Daniel Neep — Syria: A Modern History
Historian Daniel Neep presents a landmark account of Syria's transformation through decades of conflict, in conversation with Ariel I. Ahram at Politics and Prose.
Why we picked this
With Syria's trajectory still unfolding, Neep's historical depth offers the kind of context that breaking news never can — this is the long view that DC's policy community needs.
Daniel Neep is a historian of the modern Middle East whose scholarly work on Syria spans the French Mandate period through the present, giving him an unusually long view of how the country arrived at its current moment. “Syria: A Modern History” draws on decades of research to trace the accumulation of political choices, external interventions, and structural conditions that shaped the Syrian state — and the limits of what any single explanation can account for.
The timing makes this event particularly relevant. Syria’s post-Assad transition remains uncertain, and the discourse around it is shaped heavily by immediate coverage that lacks the historical grounding to distinguish what is new from what is a recurrence of older patterns. Neep’s work provides exactly that grounding: a narrative long enough to show cause and effect that operate over generations, not news cycles.

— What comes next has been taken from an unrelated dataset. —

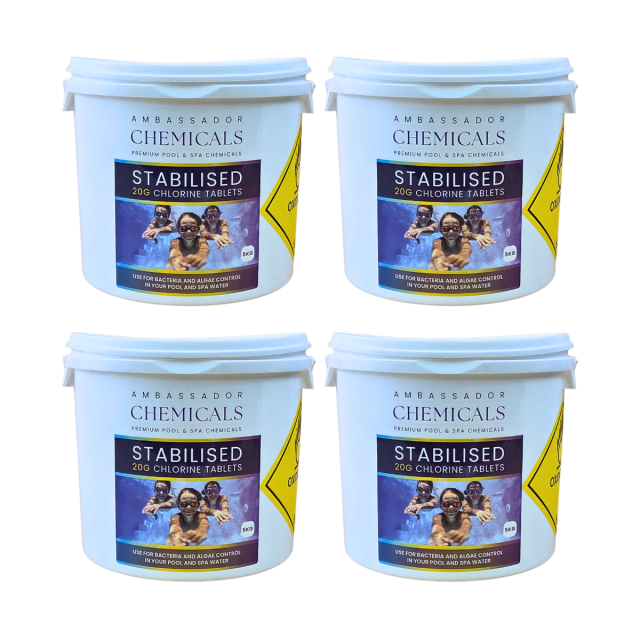 20g Stabilised Chlorine Tablets - 4 x 5kg (20kg)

In conversation with Ariel I. Ahram, a political scientist at Virginia Tech whose comparative work on state failure and armed conflict complements Neep’s historical approach, the evening promises a rigorous exchange between two scholars who study the region from different angles. Free and open to the public at Politics and Prose, a bookstore that has made this kind of DC policy-adjacent intellectual programming a consistent part of its identity.